Xid issues on Ubuntu 16.04 - Kernel 4.17 and 4.17.1, Nvidia 390 and 396 BETA - GTX 1070

Hi All,

I have very strange issues after upgrading the kernel to 4.17.

The issue start happens after installing latest drivers 390 and new kernel 4.17. Everything works normally until I add Memory or Core clocks.

After that my Linux has been restarted each time when I changed clocks.

[   68.932599] NVRM: Xid (PCI:0000:05:00): 13, Graphics SM Warp Exception on (GPC 1, TPC 0): Misaligned Address
[   68.932604] NVRM: Xid (PCI:0000:05:00): 13, Graphics Exception: ESR 0x50c648=0x14000f 0x50c650=0x0 0x50c644=0xd3eff2 0x50c64c=0x17f
[   68.952118] NVRM: Xid (PCI:0000:05:00): 43, Ch 00000010, engmask 00000101

I tried with beta drivers but the issue is same.
The only difference and weird thing are that now I’m getting error Xid are 13 and 43, but before installing beta drivers (396.24.02) drivers Xid error was only 31 at drivers 390 stable.

nvidia-bug-report.log.gz (119 KB)

Use maximum
Coolbits 28
Bit 1 is undefined, bit 2 tries to force SLI, so don’t use them.
What command line are you using to set clocks?

Hi,

I’m using 31 coolbits, is that too much?

Clocking via terminal:

nvidia-settings -a [gpu:0]/GPUMemoryTransferRateOffset[3]=1000
nvidia-settings -a [gpu:0]/GPUGraphicsClockOffset[3]=120

Yes, 31 is wrong, use 28.
You’re setting the wrong attributes, they’ve been changed for Pascal gpus:
https://devtalk.nvidia.com/default/topic/1031142/linux/-390-x-unable-to-modify-gpumemorytransferrateoffset-and-gpugraphicsclockoffset-via-nvidia-settings-/post/5248352/#5248352

Something is changed in 390.xx and the old set doesn’t work anymore?

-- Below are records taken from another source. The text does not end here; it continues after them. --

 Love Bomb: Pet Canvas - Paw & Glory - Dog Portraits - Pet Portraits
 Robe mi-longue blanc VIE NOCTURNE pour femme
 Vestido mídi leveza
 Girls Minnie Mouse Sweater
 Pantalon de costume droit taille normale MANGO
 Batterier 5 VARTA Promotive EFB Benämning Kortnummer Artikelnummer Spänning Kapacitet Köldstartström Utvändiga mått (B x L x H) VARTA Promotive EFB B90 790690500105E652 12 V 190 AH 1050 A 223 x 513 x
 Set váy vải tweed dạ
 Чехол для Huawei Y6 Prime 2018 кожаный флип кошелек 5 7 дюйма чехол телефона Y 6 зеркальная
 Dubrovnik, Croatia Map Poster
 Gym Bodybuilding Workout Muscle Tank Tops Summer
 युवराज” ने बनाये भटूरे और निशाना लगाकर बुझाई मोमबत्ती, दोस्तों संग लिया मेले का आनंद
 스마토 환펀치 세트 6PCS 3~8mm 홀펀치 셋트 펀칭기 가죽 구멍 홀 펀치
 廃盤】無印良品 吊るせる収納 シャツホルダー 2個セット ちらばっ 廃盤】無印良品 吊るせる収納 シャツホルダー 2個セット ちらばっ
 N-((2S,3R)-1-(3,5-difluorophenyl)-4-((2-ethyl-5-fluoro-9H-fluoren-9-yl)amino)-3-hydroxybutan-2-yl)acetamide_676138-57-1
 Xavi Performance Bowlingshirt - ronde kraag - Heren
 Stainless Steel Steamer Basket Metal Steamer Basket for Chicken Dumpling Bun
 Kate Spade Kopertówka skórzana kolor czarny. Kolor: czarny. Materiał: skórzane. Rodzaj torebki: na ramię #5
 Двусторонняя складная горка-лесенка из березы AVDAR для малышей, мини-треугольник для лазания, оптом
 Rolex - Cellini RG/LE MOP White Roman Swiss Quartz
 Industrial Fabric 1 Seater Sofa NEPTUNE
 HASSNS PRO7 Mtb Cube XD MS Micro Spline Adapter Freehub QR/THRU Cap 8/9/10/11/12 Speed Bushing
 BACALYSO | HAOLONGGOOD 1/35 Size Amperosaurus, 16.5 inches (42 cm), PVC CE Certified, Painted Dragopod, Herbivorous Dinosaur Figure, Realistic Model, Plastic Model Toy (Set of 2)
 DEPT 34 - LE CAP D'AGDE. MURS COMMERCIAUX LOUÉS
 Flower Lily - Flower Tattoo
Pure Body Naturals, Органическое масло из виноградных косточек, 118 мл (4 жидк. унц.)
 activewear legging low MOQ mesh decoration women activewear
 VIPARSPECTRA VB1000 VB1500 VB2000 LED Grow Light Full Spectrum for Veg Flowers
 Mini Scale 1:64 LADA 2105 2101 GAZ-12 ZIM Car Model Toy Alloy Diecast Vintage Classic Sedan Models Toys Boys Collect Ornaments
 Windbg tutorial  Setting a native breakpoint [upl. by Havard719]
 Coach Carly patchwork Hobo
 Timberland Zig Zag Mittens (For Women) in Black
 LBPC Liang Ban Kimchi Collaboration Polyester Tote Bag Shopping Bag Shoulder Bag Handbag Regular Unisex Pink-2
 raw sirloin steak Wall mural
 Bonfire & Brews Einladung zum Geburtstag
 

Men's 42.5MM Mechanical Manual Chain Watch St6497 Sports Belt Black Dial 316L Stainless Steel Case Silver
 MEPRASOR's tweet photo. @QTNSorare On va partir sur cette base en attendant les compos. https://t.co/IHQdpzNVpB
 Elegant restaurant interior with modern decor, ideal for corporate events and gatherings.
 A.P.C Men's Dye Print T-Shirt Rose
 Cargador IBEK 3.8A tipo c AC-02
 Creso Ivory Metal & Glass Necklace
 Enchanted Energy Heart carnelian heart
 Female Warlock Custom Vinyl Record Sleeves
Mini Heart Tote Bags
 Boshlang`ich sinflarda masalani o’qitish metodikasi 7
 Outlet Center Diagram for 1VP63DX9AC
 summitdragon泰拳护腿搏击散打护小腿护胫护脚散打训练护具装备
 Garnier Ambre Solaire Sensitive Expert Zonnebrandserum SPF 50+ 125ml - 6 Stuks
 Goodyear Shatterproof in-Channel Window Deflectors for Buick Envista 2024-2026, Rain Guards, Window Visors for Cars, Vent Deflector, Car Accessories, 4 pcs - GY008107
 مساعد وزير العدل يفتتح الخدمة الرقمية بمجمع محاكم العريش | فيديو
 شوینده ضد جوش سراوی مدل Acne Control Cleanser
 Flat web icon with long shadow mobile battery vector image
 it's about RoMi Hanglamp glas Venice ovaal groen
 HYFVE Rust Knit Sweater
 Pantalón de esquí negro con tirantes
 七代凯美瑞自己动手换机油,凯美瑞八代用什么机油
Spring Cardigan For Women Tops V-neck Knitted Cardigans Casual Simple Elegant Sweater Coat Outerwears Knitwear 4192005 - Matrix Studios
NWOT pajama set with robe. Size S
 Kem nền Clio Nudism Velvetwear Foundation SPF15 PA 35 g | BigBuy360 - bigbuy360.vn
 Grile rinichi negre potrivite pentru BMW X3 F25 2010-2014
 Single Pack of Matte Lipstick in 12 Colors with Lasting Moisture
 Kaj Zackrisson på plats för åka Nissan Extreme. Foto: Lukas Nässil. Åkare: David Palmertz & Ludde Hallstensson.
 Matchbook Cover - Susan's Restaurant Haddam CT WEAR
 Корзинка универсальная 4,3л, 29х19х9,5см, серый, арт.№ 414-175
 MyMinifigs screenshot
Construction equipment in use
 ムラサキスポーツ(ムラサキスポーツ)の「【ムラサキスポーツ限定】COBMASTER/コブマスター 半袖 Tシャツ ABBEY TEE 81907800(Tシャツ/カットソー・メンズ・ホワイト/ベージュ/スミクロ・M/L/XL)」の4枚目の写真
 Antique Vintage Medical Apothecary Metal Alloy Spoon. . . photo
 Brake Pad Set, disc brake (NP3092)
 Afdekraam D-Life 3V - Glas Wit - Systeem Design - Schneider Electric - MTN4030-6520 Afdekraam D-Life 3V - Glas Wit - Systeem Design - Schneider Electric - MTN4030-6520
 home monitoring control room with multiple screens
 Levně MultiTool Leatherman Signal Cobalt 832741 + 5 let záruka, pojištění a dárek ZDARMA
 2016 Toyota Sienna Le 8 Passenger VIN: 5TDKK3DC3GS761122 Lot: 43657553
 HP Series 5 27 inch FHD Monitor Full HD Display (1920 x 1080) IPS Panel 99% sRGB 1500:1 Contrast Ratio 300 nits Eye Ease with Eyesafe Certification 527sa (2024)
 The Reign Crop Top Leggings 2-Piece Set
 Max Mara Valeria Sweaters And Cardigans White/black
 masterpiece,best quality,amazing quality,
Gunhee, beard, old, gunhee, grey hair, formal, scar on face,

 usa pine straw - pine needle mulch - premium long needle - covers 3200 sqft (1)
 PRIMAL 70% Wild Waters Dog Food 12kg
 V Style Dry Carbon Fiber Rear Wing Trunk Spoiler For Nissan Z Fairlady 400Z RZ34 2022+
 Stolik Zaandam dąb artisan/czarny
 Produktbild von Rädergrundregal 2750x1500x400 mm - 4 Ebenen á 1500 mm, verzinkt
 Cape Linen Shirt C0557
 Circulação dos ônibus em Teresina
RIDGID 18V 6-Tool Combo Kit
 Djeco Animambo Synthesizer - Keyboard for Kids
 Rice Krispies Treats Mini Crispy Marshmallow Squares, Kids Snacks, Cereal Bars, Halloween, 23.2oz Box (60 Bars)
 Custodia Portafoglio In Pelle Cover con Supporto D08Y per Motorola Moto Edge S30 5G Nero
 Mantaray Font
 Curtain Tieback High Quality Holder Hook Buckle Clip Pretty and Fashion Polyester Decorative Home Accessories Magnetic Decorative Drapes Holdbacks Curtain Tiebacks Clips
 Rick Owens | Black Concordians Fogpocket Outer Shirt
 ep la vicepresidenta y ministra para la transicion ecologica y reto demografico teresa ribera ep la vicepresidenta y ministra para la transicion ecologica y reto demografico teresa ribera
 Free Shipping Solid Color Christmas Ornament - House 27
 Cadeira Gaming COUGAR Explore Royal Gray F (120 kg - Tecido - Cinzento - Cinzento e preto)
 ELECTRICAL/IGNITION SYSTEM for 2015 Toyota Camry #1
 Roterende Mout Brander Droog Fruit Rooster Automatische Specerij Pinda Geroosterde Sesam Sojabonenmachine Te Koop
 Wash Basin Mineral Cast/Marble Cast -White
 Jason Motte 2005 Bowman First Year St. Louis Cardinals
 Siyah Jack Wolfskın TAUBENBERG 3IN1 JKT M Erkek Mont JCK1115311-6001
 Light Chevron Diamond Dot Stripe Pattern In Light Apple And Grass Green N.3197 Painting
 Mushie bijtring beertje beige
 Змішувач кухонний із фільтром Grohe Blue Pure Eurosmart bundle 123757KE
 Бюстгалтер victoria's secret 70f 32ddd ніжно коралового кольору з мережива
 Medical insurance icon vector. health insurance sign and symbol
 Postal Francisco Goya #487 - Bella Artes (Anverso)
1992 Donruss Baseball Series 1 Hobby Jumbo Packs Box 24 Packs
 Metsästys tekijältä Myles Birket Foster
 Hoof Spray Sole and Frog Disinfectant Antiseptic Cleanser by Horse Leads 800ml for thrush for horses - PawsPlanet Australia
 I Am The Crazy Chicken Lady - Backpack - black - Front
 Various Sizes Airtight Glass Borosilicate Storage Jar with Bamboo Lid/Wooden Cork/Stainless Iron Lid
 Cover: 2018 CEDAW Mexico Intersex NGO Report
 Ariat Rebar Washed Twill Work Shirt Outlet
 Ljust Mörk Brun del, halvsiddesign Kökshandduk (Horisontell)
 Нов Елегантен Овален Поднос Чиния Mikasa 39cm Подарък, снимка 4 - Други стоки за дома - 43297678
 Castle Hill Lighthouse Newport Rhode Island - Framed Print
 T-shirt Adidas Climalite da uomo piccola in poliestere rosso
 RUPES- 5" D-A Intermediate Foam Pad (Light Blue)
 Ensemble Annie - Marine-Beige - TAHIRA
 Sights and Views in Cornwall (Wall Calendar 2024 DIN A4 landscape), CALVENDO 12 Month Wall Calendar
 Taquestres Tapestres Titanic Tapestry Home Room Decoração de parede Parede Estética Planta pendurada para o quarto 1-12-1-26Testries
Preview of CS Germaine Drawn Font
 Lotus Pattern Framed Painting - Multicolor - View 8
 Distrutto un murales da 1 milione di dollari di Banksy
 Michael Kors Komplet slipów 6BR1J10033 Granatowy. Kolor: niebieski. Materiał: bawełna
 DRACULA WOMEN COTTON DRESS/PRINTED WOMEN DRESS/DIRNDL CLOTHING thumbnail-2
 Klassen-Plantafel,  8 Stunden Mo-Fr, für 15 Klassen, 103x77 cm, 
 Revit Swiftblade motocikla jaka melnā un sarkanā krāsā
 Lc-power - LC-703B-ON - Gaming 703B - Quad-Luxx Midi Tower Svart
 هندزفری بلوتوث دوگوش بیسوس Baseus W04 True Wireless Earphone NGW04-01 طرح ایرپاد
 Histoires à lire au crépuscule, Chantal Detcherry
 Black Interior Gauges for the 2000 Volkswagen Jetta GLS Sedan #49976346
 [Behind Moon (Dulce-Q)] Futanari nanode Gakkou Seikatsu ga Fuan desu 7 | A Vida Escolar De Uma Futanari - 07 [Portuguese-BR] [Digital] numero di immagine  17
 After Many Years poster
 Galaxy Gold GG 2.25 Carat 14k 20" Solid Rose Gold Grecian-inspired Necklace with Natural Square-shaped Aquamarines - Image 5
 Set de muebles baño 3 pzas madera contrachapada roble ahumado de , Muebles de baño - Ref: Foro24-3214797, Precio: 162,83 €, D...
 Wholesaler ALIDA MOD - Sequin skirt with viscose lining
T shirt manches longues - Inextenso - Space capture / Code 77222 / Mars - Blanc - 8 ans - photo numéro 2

I’m trying now with 28 bits, will update the ticket in next 30minutes.

Yes, correct.

Same,

[ 1402.243411] NVRM: Xid (PCI:0000:05:00): 79, GPU has fallen off the bus.
[ 1402.343749] NVRM: Xid (PCI:0000:05:00): 62, ffffffff(ffffffff) ffffffff ffffffff

[  184.916644] NVRM: Xid (PCI:0000:05:00): 13, Graphics SM Warp Exception on (GPC 1, TPC 0): Misaligned Address
[  184.916649] NVRM: Xid (PCI:0000:05:00): 13, Graphics Exception: ESR 0x50c648=0x5000f 0x50c650=0x20 0x50c644=0xd3eff2 0x50c64c=0x17f
[  184.928566] NVRM: Xid (PCI:0000:05:00): 43, Ch 00000010, engmask 00000101

But the errors are a little different.

XID 79 means the gpu was overheating, underpowered or otherwise overstretched so said bye-bye.